▶ _TRY IT_
When the line containing "politieauto stilstaand met zwaailicht" appears in the entries below, begin printing there and stop after the line containing "91家纺网 家纺一手货源 找家纺"; print each of those lines exactly and no other line.

▶ _INPUT_
★ ★ ★ ★ ★
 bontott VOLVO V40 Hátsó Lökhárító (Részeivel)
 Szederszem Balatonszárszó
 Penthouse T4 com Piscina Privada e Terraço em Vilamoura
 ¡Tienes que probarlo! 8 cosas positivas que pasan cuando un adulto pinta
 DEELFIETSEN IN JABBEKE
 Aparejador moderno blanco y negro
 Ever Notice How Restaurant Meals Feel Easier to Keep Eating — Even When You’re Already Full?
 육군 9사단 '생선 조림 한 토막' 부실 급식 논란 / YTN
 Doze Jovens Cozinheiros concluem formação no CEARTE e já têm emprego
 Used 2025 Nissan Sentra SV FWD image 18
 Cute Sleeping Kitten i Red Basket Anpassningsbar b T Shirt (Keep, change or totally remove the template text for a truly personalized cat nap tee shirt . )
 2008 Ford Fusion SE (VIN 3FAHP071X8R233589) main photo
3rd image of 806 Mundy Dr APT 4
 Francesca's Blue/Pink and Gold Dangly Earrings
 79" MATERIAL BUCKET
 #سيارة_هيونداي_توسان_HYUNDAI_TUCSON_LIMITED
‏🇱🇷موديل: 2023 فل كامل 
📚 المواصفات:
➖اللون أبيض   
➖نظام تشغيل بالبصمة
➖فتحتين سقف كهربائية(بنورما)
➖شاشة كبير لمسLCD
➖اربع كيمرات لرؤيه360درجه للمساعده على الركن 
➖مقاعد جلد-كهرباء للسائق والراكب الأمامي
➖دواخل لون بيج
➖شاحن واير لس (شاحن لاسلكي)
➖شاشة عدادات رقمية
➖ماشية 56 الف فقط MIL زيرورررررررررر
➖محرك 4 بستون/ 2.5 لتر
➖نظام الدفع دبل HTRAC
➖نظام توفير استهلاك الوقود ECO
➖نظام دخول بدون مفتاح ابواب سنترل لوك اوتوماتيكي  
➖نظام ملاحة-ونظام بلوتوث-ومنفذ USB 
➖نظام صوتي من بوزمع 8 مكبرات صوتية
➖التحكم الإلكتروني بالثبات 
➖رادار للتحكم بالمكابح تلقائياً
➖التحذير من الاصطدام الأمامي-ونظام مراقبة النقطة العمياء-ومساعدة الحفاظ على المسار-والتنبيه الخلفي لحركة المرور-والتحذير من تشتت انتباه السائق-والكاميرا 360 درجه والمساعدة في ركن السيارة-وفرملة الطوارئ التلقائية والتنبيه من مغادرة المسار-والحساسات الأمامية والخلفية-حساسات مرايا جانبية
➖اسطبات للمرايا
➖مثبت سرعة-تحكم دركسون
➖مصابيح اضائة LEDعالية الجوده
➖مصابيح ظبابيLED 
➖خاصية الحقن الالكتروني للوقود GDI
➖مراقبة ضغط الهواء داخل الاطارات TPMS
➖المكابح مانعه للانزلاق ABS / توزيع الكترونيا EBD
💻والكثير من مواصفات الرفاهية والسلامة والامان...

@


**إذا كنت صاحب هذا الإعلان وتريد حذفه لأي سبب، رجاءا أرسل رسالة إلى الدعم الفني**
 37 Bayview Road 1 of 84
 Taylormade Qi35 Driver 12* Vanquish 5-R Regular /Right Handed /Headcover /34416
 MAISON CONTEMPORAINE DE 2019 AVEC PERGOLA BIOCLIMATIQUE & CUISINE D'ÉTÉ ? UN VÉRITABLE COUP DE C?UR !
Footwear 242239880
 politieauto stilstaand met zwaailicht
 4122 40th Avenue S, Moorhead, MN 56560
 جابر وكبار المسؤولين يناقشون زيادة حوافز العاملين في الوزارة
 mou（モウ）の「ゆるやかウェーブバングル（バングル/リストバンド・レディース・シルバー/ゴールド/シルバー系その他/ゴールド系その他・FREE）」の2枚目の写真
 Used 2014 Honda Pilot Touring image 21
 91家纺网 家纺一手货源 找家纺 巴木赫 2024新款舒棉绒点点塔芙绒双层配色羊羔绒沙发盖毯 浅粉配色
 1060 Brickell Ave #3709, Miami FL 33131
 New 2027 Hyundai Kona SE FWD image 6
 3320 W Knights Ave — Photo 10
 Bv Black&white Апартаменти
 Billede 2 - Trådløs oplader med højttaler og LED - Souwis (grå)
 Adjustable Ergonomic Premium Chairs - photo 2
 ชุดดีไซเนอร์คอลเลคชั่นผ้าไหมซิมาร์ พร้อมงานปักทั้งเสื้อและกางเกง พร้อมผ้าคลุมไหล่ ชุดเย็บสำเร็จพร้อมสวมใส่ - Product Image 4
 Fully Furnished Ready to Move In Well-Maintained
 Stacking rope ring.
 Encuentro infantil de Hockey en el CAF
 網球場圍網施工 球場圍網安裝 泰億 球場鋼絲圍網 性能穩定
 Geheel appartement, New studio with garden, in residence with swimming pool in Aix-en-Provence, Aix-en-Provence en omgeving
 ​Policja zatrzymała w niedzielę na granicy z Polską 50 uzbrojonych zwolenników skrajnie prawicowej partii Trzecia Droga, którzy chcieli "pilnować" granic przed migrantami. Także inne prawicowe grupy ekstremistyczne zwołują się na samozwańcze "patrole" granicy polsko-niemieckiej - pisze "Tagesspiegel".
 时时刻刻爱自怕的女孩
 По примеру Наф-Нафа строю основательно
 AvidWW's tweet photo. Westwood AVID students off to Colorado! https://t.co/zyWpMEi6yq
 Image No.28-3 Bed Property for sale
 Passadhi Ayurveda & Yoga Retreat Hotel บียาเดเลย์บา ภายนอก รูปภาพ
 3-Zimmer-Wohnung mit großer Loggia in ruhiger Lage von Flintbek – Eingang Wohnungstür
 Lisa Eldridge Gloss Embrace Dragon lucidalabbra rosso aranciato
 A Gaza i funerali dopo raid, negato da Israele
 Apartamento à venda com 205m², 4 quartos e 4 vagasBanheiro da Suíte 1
★ ★ ★ ★ ★
▶ _SOLUTION_
 politieauto stilstaand met zwaailicht
 4122 40th Avenue S, Moorhead, MN 56560
 جابر وكبار المسؤولين يناقشون زيادة حوافز العاملين في الوزارة
 mou（モウ）の「ゆるやかウェーブバングル（バングル/リストバンド・レディース・シルバー/ゴールド/シルバー系その他/ゴールド系その他・FREE）」の2枚目の写真
 Used 2014 Honda Pilot Touring image 21
 91家纺网 家纺一手货源 找家纺 巴木赫 2024新款舒棉绒点点塔芙绒双层配色羊羔绒沙发盖毯 浅粉配色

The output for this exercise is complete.